Problem requirements ->
Below is some material. Set down exactly the line where "240804-111610-11570 - 318-Jade_Atherton-WISHFUL_THINKING" appears and all lines after it, and stop at the last line.

Provided data ->
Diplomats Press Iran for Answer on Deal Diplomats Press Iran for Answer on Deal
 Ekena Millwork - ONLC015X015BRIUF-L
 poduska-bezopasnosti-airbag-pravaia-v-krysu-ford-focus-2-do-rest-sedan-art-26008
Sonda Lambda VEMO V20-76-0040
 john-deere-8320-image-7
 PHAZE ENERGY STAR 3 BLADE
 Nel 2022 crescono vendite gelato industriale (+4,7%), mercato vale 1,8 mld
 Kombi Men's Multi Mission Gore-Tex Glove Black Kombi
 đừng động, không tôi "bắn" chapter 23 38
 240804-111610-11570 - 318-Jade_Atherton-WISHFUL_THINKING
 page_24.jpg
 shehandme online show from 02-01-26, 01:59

Completed exercise ->
 240804-111610-11570 - 318-Jade_Atherton-WISHFUL_THINKING
 page_24.jpg
 shehandme online show from 02-01-26, 01:59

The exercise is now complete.